WORKING DATA:
____
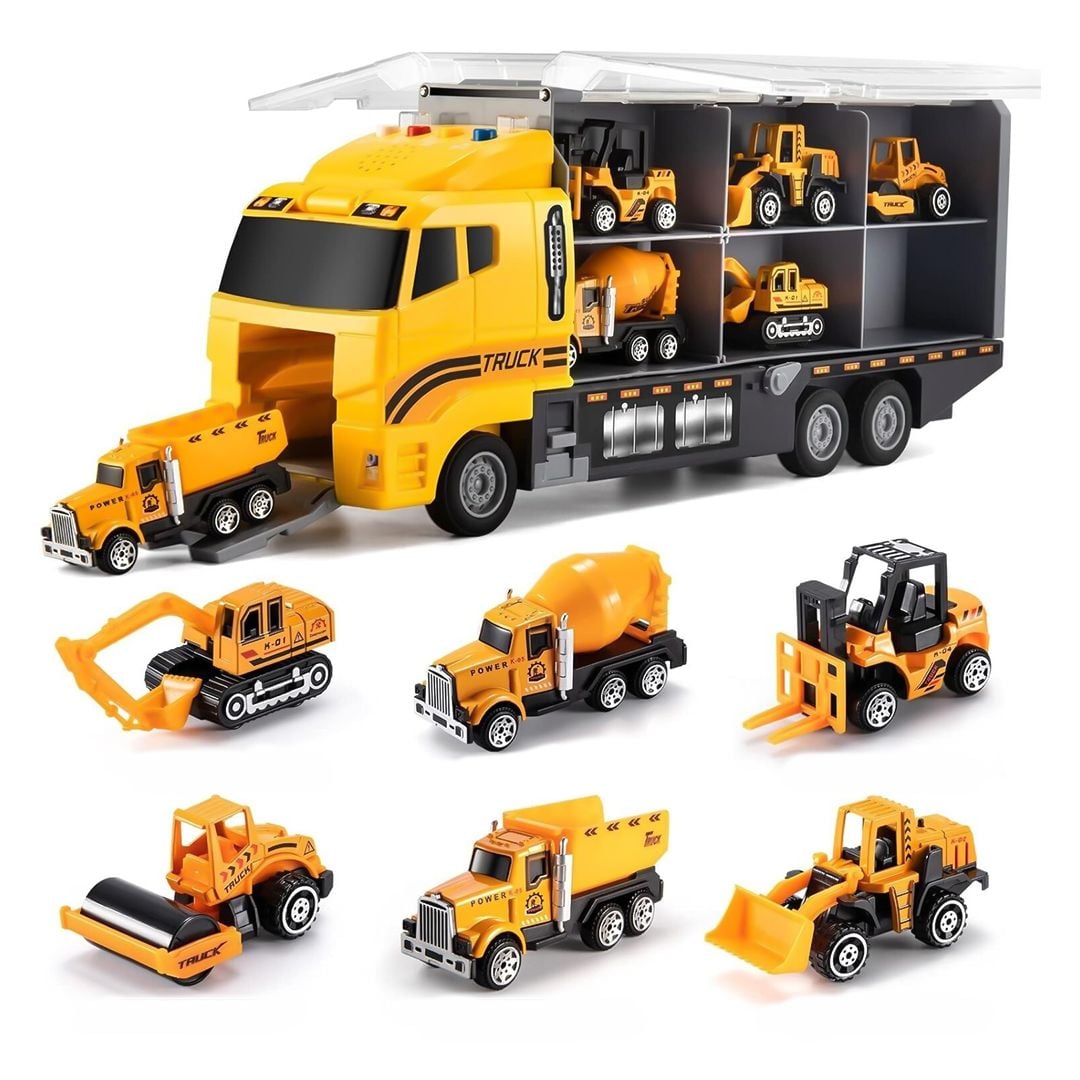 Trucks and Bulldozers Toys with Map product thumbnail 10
____
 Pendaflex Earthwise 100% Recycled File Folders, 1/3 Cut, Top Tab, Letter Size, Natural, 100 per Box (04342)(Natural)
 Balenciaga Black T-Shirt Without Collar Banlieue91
____
EXERCISE GOAL:
Copy out each line of the data above, exactly, if it lies between the line holding "Pendaflex Earthwise 100%" and the line holding "Balenciaga Black T-Shirt", inclusive; copy no other line.

EXPECTED ANSWER:
 Pendaflex Earthwise 100% Recycled File Folders, 1/3 Cut, Top Tab, Letter Size, Natural, 100 per Box (04342)(Natural)
 Balenciaga Black T-Shirt Without Collar Banlieue91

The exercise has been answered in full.